A Martis si arriva attraverso la statale 127 che proviene da Nulvi (ora quest’ultimo centro è ben collegato al capoluogo sassarese da una nuovissima strada) ma anche dalla statale che proviene da Chiaramonti e, in direzione di Laerru, dalla stessa 127 che prosegue verso Tempio Pausania. Proprio in prossimità dell’ingresso del paese da Nulvi vale la pena soprattutto in questo periodo fare un’escursione nella profonda gola di Badde Traes scavata dal rio Masino (o rio Iscanneddu) per raggiungere, attraverso un sentiero silenzioso interrotto solo dal canto d’amore delle gallinelle d’acqua, la cascata di Triulintas che con il suo salto vorticoso di una quindicina di metri è ancora un piccolo angolo di paradiso immerso nella folta vegetazione. A lato della cascata sono ancora visibili i resti di un mulino ad acqua che è rimasto in funzione sino agli inizi degli anni Cinquanta del 1900. La scarpinata lungo il sentiero che per due volte guada il fiume attraverso due piccoli ponticelli di legno ristora il corpo e l’anima per la freschezza dei luoghi e lo spettacolo della natura in fiore. In questo periodo, grazie alle abbondanti piogge, la cascata è ancora più potente.

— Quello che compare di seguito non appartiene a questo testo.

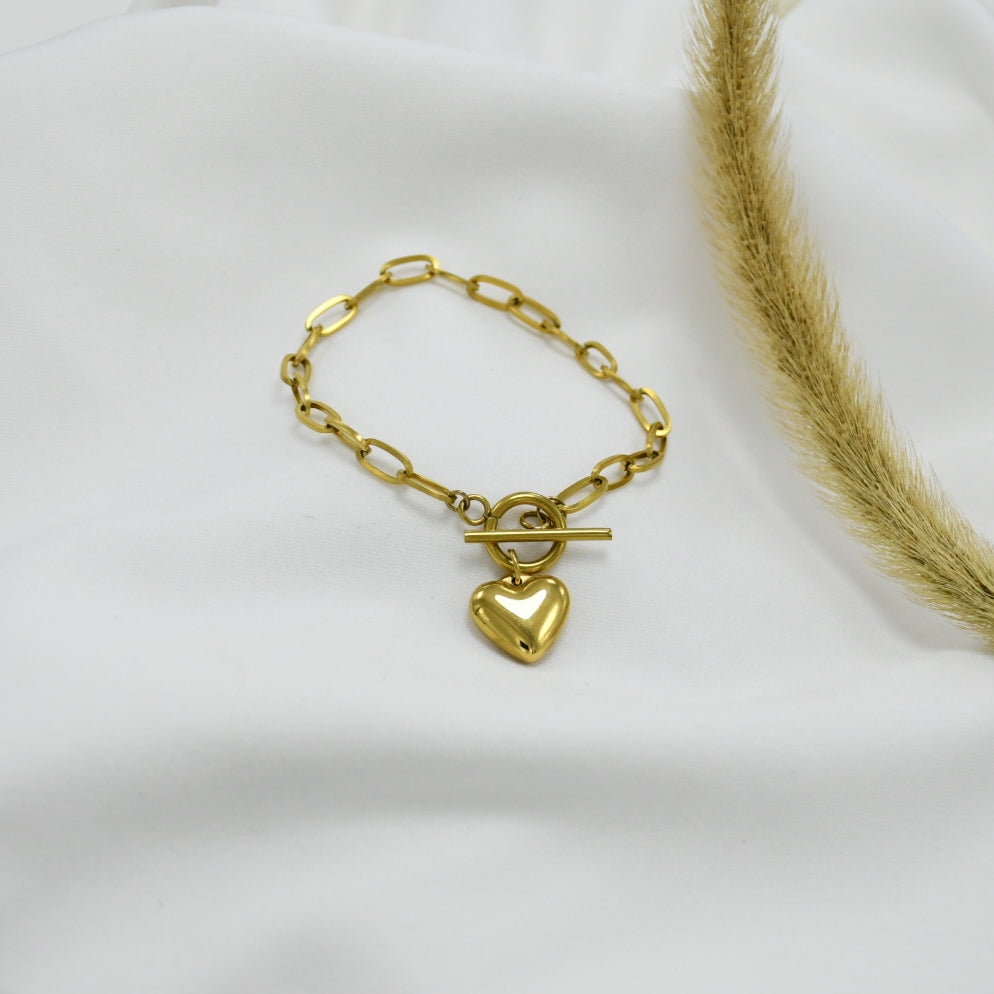 PULSERA GOLD LOVE FOREVER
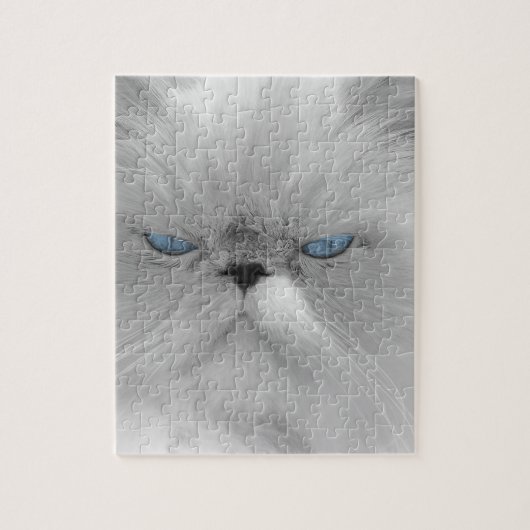 Schlechter Großvater der mürrischen Katze Puzzle (Vertikal)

Tornati in paese si potrà fare un giro fra i vicoli del centro storico per sbirciare all’interno delle chiesette di San Giovanni, del Rosario e dello Spirito Santo e delle antiche palazzine signorili ottocentesche caratteristiche per le altane (o logge), utilizzate in passato per il controllo delle proprietà terriere. Ma anche nella piazzetta Funtana Noa dove sorge l’omonima fontana di fine 800 realizzata con 12 facce di tufo rosso e bianco alternate fra loro. Da qui si può raggiungere anche a piedi la maestosa chiesa di San Pantaleo che sorge nell’immediata periferia del paese, in stile romanico con influssi gotico-aragonesi e lombardi. La chiesa, eretta agli inizi del 1300 con un sola navata e in seguito ampliata a tre navate, ha subito in seguito altri rimaneggiamenti nel 1500 e poi nel 1800 a causa della scarsa stabilità dello sperone di roccia su cui poggia, che ha influito molto sulle vicissitudini architettoniche dell’edificio e sul suo infelice destino, profondamente segnato dai problemi statici. Tanto che a partire dal 1920 venne definitivamente abbandonata. Uno dei suoi tesori, la tela del “Miracolo di San Pantaleo”, una delle poche opere ritrovate del pittore manierista Andrea Lusso, è però osservabile, insieme al altre importanti opere d’arte, all’interno della chiesa parrocchiale di San Giuseppe di recente costruzione. Ora il bell’edificio svetta solitario sulla vallata del rio Carrucana e manca quasi completamente della copertura ma la sua visita è proprio per questo ancora più suggestiva. Prima di imboccare la statale per Laerru si può visitare, al civico 33 di via Amsicora la casa Puliga-Dettori, che ospita una piccola ma interessante mostra permanente della civiltà agropastorale.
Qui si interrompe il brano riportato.